Ana, la poeta blanca de la África contemporánea
Esta es la historia de una persona valiente que desde niña tenía por costumbre enganchar a la justicia por la garganta, y una vez arrinconada preguntarle el porqué de las cosas. Quizás fue esa la causa, tan deportiva e irracional, por la que Ana comenzó a soñar con estar cerca de África.
El mundo complica siempre las cosas y pese al escepticismo de los inviernos, un verano Ana – con tan sólo 17 años- consiguió viajar de una zancada a Tanzania; necesitaba seguir la huella de esa tierra y esa piel que tanto le inquietaba sin ni siquiera conocer.
Ella se fue armada con una cámara de fotos y una mochila repleta de esperanzas. Allí aprendió a volar bajo tierra, y bucear entre nubes. Se le voló la cabeza, porque todo en África lo sintió como una bruma delgada universal, capaz de alterar el tiempo y lo que llamaban justicia.
Estuvo conviviendo un mes con las niñas y niños de un orfanato, reflejándose en su amor e inteligencia, absorbiendo la vida accidental, entre sílabas de vergüenza y crueldad, sobreviviendo a lo perplejo y enfurecido.
Se obsesionó con la pureza de esas niñas, con el brillo de sus ojos y su dulzura y bondad al entregar todo lo que eran, al poder sentirse atravesada por todo lo que nunca serían.
Lagrimas y sonrisas brotaban de la misma tierra roja y Ana se sintió entre arenas movedizas.

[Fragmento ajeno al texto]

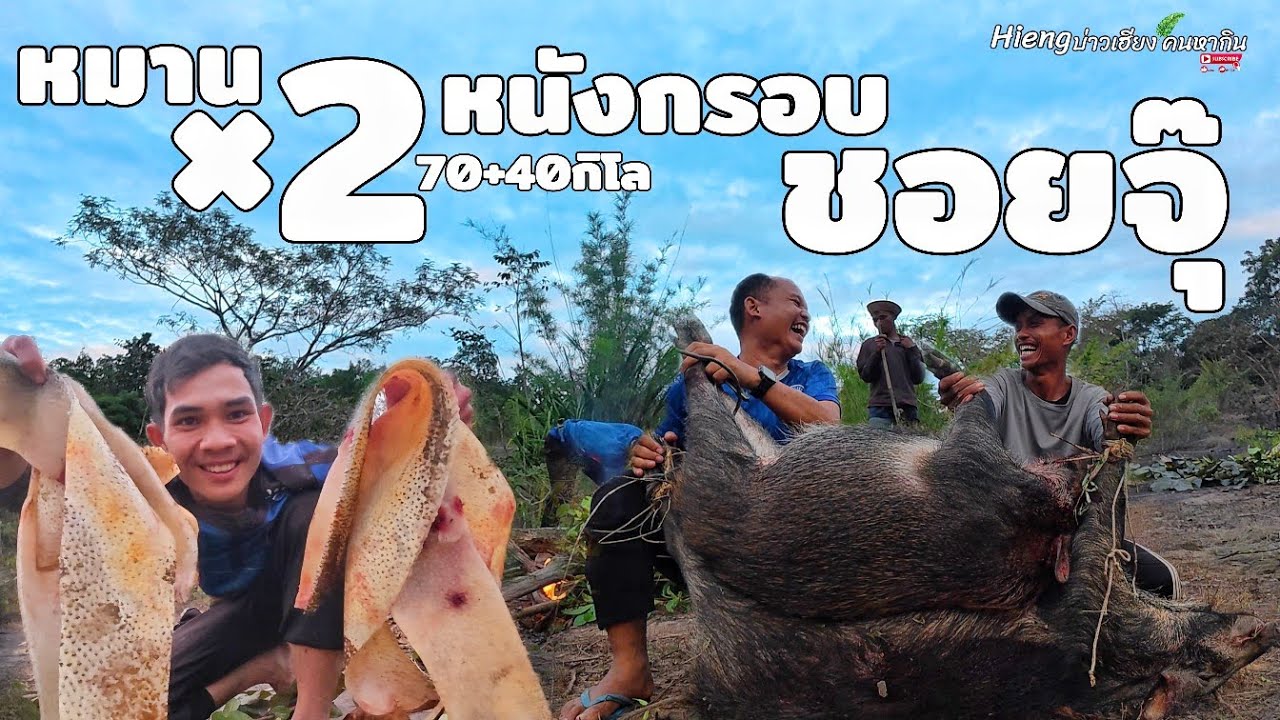 หมานหมูป่าสองตัว100กิโล กว่า หนังกรอบชอยจุ๊ ทำเนื้อย่างรมควัน//ຫມານຫມູປ່າສອງໂຕ Hieng บ่าวเฮียง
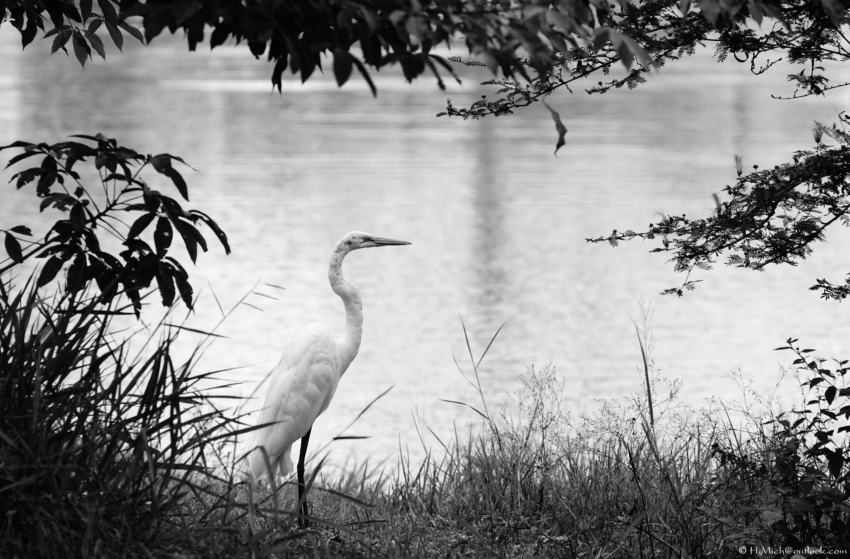 Studio-One.Art.br Repo Fotografia em Rio Preto SP/Brasil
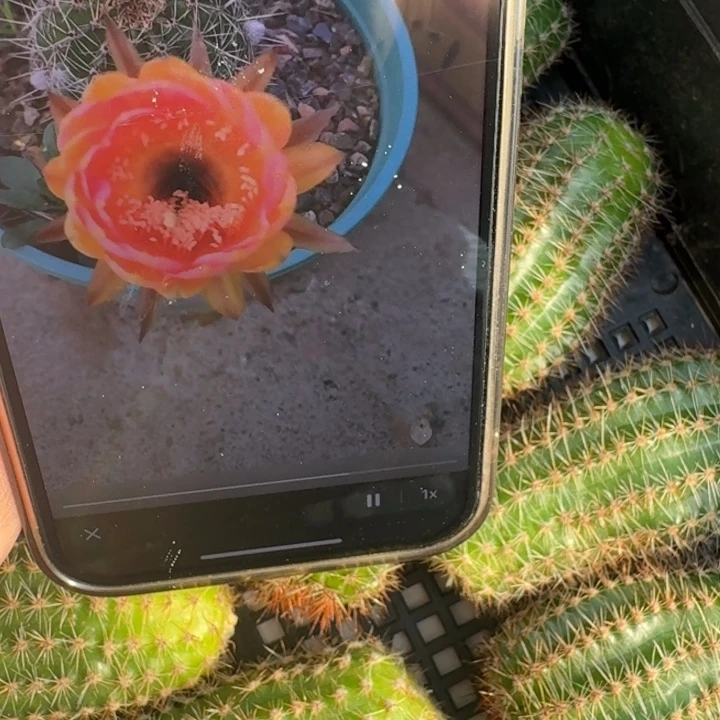 240彩草火焰莲花歪无根侧牙4公分左右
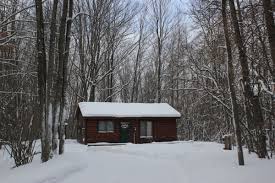 The actual menu of the the cabin pizzeria. Unique Cabins For Rent Near Mt Pleasant Michigan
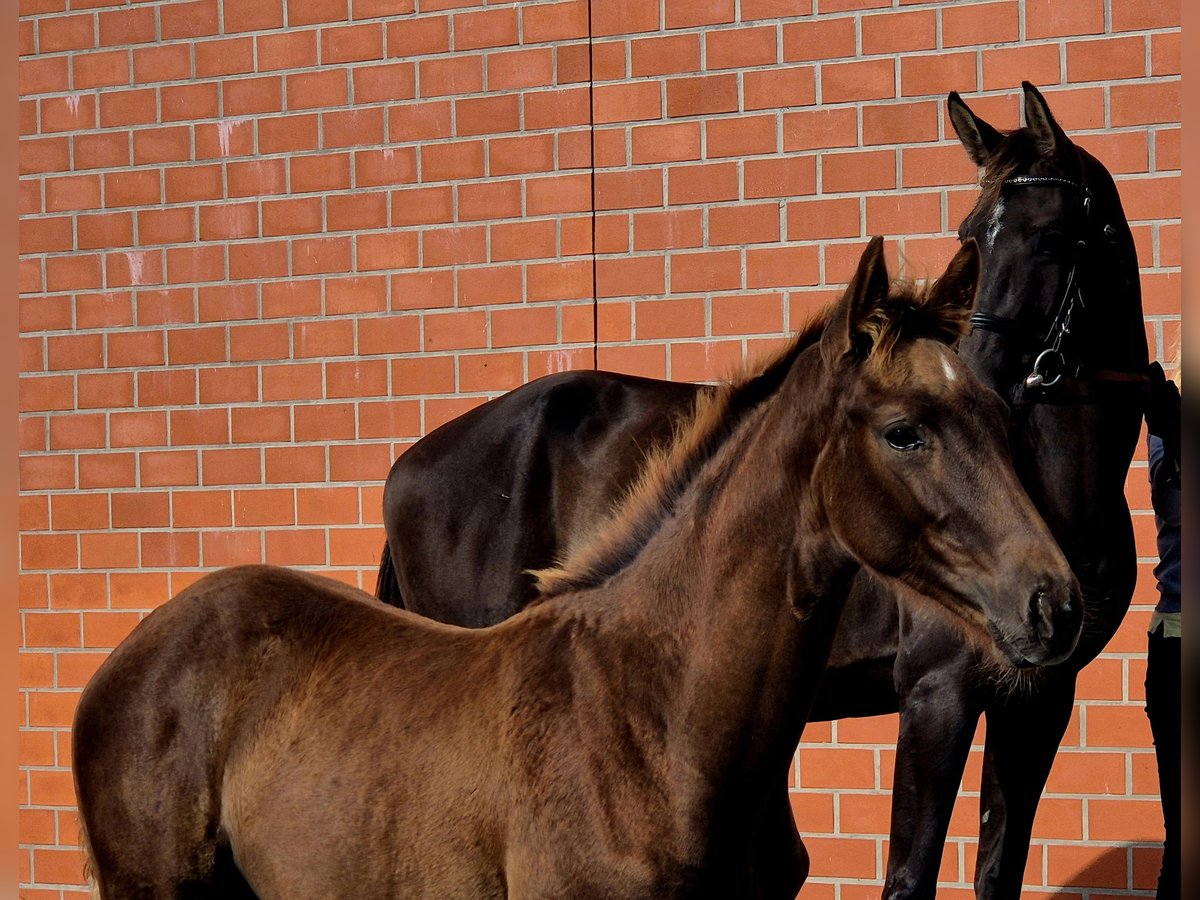 Hanoverian Mare Foal (05/2025) 16,2 hh Chestnut in Ochtersum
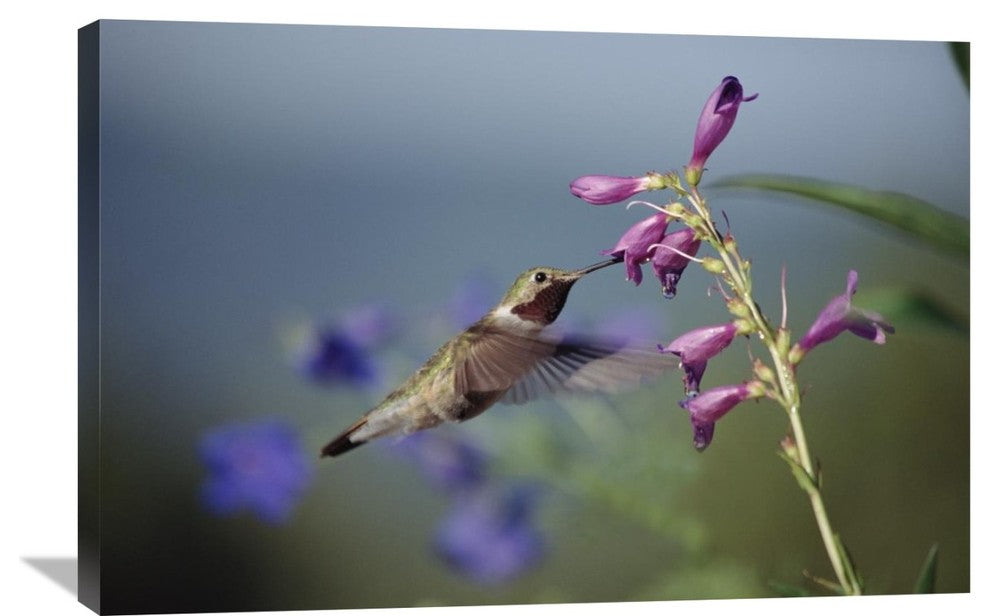 "Broad-Tailed Hummingbird Feeding On Flowers, New Mexico" Artwork, 36" x 24"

La misma chica valiente que interrogaba a la justicia de niña, se sentó en la arena y le preguntó al mar las diferencias entre una orilla y la otra, y al no obtener respuesta, sacó un lápiz y un papel y comenzó a escribir poemas con cientos de preguntas y una sola promesa: debía regresar para transformar.
Cuando volvió a España, Ana ya no era Ana. Ana era Frida, Doratha, Agness, Abdul, Stevini, Godfrey, se transformó en la escalofriante belleza de la multiplicidad de millones de personas.
Volvió desnuda y vacía porque a su regreso, el mundo le cabía dentro.
Una vez en Madrid, Ana reunió a la gente que más amaba y admiraba y les pidió ayuda para tejer una red muy especial. Necesitaba un traje de resistencia para cambiar una falsa realidad, desbaratar el escenario que occidente se empeñaba en condenar como trágico, hambriento y dependiente. Ana pidió voces para gritar, había escuchado la verdad de África y ahora quería cantarla.
Ella no sólo quiere que África coma, quiere liberarla para que sonría, sienta placer y se defienda, para que se críe a sí misma, porque África es una mujer, y su fuerza lleva tantos siglos silenciada por la voz de los otros, que su dolor y poder permanece más poderoso que todo el del resto de los continentes juntos.
Ahora Ana tiene 18 años, y es una emprendedora social, la poeta blanca de la África contemporánea, y como todas las poetas, se encargará de despertarnos, incomodarnos y desgarrarnos.
El sinsentido del mundo, del que formamos parte, se empeña en permanecer a toda costa.
Escuchar, leer o seguir a Ana, es ponerse mágicamente del revés, es alcanzar el cuerpo vivo de África y de todas las personas del planeta que transitan en los márgenes.
No permitamos que el ruido de esta orilla desvíe nuestra conciencia. Faltan personas que inspiren así, falta aire y espacio para recordarnos como la economía nos ha hecho olvidar nuestra propia humanidad.
Es agradable pensar que la existencia digna de las otras personas tiene sentido en todas sus formas, y que quizás nuestra propia vida, sólo pueda recuperar su rumbo y sentido al cruzarse con ellas.